Her neyse, gırgırı bırakıp sadede gelelim. Zaten son yıllarda “içeriden” düşmanlarımızın sayısı karşı mahalledekilerin üç-dört katına ulaştı, ortalık gıybet ve hasetten geçilmiyor. Bütün bu güruhun üstüne de yeni yeni müslüman hasımlar kazanmaya hiç gerek yok.

Geçen gün batıl inançlarım ayaklandı, bir kurşun döktüresim geldi. Aman Yarabbi! Kafamın üzerindeki su tasında oluşan kurşun yumrusu resmen binlerce ok yiyen bir savaşçı gibiydi. Kurşuncu kadın bana “Sen nasıl olup da hâlâ ayakta durabiliyorsun be oğlum?” dedi şaşkınlık içinde… Ben de kıs kıs gülerek, ona cebimdeki küçük Kur'an'ı gösterdim.

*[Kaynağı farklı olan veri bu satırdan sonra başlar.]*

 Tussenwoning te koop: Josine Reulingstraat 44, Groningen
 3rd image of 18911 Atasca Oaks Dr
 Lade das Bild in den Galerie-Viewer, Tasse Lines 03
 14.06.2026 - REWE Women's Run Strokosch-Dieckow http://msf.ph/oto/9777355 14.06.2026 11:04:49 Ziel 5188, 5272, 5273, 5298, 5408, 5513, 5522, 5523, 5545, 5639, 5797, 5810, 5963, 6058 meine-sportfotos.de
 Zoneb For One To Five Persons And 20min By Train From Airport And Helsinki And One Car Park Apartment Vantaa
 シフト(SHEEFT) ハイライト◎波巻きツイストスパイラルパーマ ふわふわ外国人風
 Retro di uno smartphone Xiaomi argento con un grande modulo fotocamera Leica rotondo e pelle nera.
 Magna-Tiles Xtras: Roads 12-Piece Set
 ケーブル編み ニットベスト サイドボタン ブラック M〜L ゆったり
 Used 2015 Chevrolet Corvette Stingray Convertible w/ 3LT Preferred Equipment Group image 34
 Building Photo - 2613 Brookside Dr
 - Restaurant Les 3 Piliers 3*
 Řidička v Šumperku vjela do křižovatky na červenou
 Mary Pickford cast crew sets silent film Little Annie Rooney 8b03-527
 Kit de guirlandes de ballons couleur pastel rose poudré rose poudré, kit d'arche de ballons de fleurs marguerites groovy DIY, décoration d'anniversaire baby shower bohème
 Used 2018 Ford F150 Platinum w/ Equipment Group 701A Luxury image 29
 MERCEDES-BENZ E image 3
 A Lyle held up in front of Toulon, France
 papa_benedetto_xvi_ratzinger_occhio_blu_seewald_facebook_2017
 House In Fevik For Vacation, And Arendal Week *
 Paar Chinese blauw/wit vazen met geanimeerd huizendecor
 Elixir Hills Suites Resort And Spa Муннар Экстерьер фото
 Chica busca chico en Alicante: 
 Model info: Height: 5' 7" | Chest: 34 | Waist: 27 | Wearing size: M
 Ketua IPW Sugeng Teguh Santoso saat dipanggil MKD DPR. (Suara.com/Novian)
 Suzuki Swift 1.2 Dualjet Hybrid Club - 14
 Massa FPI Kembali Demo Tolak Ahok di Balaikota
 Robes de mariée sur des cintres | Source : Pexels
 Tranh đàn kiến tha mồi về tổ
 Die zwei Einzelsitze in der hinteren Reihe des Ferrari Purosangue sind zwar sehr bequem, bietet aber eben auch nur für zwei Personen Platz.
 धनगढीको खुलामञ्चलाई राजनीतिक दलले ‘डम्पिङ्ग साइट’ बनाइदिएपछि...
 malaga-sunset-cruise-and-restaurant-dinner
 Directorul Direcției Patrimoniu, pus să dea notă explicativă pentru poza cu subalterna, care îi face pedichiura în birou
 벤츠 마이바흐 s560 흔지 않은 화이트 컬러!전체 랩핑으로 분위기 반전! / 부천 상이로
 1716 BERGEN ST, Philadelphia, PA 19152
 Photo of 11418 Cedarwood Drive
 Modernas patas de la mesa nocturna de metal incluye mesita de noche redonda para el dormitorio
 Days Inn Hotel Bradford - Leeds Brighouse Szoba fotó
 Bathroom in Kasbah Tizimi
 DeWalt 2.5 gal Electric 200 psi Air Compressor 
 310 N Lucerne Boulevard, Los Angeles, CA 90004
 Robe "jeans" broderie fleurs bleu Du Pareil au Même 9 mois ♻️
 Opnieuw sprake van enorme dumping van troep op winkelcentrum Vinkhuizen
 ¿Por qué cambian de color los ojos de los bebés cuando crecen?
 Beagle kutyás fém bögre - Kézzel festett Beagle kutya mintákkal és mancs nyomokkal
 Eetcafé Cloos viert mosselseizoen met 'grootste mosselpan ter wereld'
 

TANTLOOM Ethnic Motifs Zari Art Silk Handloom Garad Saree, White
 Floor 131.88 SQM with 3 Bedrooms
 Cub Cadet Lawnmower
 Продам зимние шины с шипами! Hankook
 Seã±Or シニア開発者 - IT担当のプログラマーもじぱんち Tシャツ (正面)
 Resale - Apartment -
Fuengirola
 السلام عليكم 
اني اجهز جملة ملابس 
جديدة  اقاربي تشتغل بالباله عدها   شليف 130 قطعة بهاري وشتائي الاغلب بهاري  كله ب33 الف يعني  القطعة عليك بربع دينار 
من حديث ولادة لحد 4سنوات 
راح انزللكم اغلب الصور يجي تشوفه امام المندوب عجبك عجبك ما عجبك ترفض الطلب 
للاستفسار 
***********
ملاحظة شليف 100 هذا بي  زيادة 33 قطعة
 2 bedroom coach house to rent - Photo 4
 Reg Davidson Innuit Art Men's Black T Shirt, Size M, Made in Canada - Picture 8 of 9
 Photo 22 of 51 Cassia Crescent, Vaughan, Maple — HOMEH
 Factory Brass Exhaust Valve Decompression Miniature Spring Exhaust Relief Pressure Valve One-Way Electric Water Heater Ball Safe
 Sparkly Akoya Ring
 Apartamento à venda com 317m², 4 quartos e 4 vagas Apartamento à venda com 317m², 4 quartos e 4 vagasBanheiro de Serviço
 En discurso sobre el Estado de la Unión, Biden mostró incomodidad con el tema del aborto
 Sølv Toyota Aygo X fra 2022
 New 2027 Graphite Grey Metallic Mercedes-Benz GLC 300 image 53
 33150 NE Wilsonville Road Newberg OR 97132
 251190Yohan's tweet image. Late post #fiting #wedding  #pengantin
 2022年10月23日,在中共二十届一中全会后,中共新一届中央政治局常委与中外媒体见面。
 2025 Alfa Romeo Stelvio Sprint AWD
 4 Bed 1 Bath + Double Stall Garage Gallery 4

Evet; işin doğrusu, cidden çok yoruldum. Üstelik bir de gelecek hafta sonu taşınması gereken tıklım tıkaş dolu bir evim var. O yüzden, 25 Haziran Pazartesi gününden 27 Temmuz Cuma gününe kadar yıllık iznimi kullanmak üzere bütün okurlarıma önce keyifli bir yaz tatili, ardından da huzurlu bir Ramazan ayı diliyorum.

29 Temmuz Pazar günkü sinema sayfamızda yeniden buluşabilmek dileğiyle, hepiniz Yüce Allah'a emanet olunuz.